Democratic House Speaker Greg Stumbo told the Lexington Herald-Leader last week he questioned the legality of the vetoes given that Bevin was overseas on an economic development trip at the time.

On Wednesday, following a court hearing over Bevin’s budget cuts to colleges and universities, Beshear said he was looking into the vetoes himself.

“Any time a budget goes through and different vetoes are made, you always want to look at the validity of both the sections of the budget and the vetoes,” Beshear said.

Bevin spokeswoman Jessica Ditto said Wednesday that Bevin’s vetoes are valid.

Beshear’s comments came after he took the governor to court over his decision to cut spending by 2 percent at state colleges and universities this year without the approval of the state legislature. Bevin asked the legislature to approve the cuts, but they did not. Citing a state law that allows him to revise allotments, Bevin ordered the cuts anyway.

Beshear sued Bevin, saying he does not have the authority to cut spending unless there is a budget shortfall.

Lawyers for both sides argued Wednesday before Franklin Circuit Court Judge Thomas Wingate. Beshear argued himself, which is unusual since Kentucky’s attorney general normally has other lawyers argue for him and rarely appears in court himself.

Bevin’s attorney Stephen Pitt said the law clearly gives the governor authority to revise allotments to state agencies, arguing that “any fifth-grade elementary school teacher teaching students how to read sentences” could see it. Beshear fired back by quoting the state constitution.
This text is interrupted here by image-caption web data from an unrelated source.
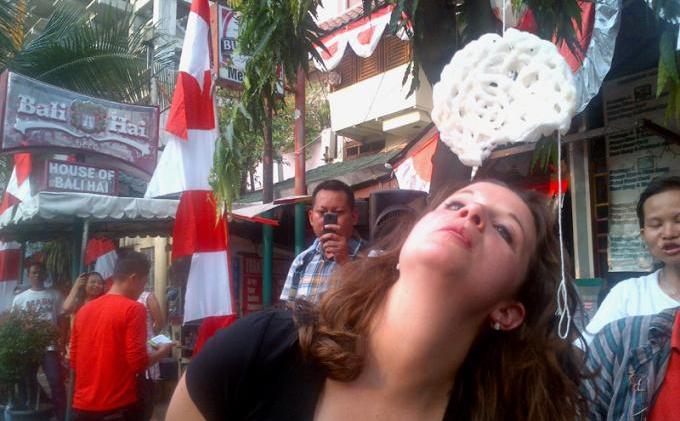 FOTO-FOTO: Turis Asing Ikut Meriahkan HUT Kemerdekaan Ke-69 RI - bule1.jpg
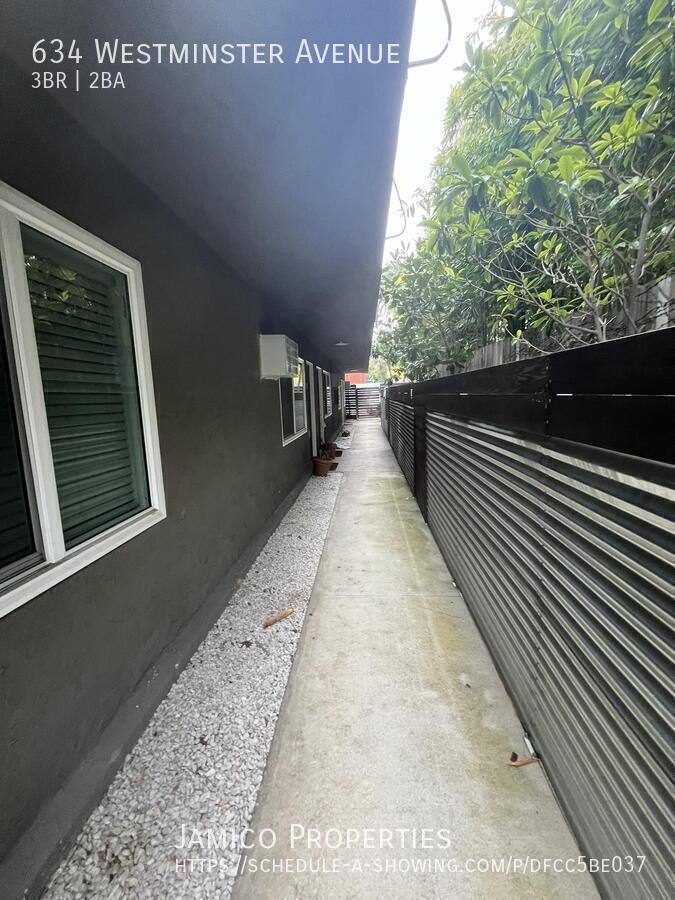 Apartment for rent at 634 Westminster Ave #2, Venice, CA 90291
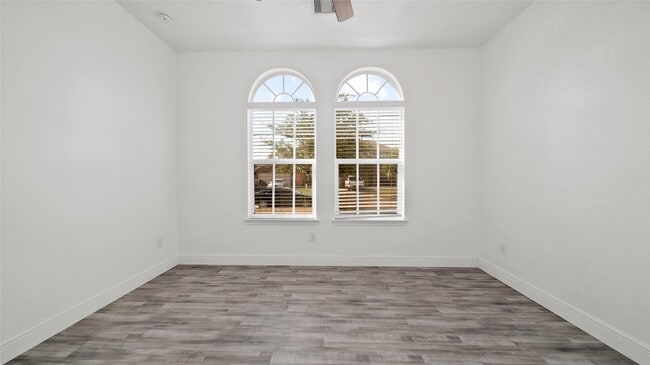 Building Photo - 6439 Brimridge Ln
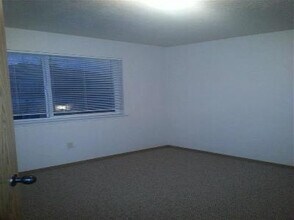 45 Appleway Dr in Kalispell, MT - Foto de edificio - Building Photo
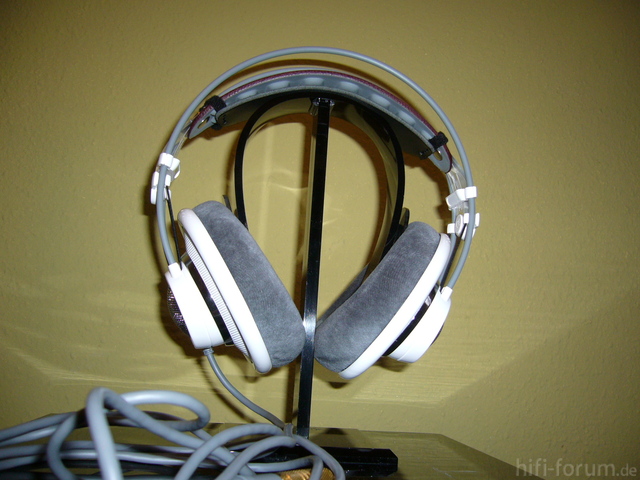 AKG K701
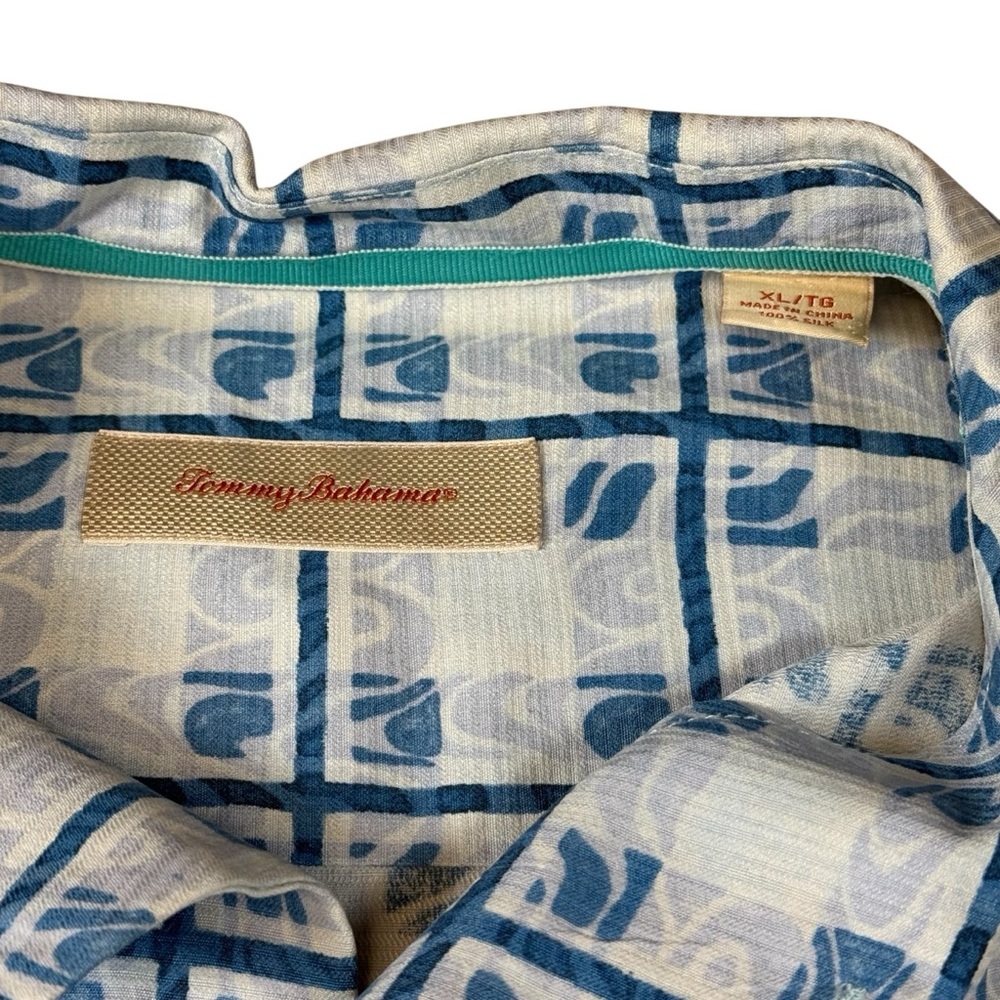 Tommy Bahama Men's 100% Silk Hawaiian Shirt Size XL Blue and White - Picture 2 of 4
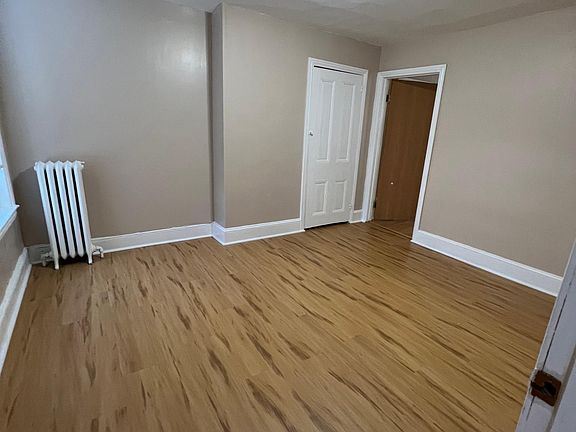 5th image of 2114 E Somerset St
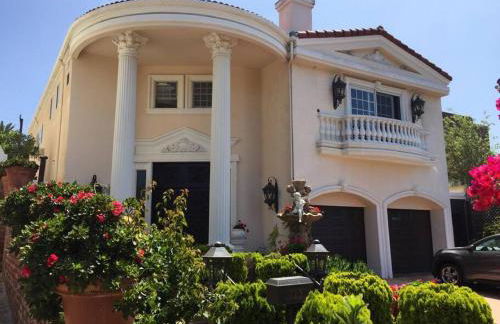 Entire Second Flr - Santa Monica Luxury Roman Villa - Foto 21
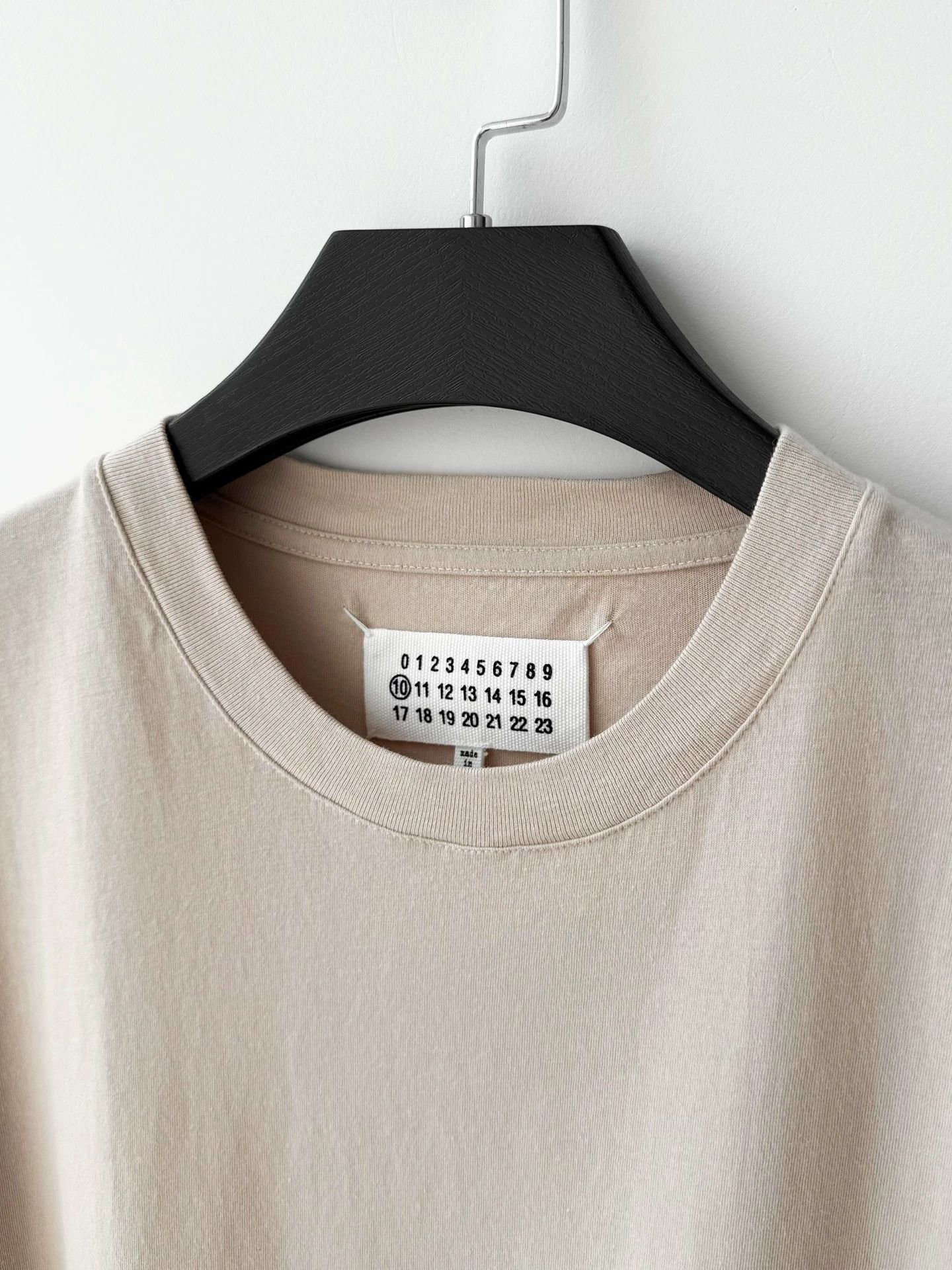 Maison Margiela Maison Margiela F/W19 Basic T-Shirt Beige 46 Size US S / EU 44-46 / 1 - 4 Thumbnail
“The Kentucky constitution states ‘we the people,’ not ‘me the governor,’” Beshear said.

Wingate said he will issue an opinion in the coming weeks, and noted the case will likely end up in the state Supreme Court.

In addition to the 2 percent cuts for colleges and universities, Bevin also cut spending by 4.5 percent this year for most other state agencies. Those cuts were also not approved by the state legislature. The attorney general’s lawsuit does not address those cuts, but Beshear told reporters after the hearing a ruling could apply to those cuts as well.

“I definitely think this case has broader implications than just the universities,” Beshear said.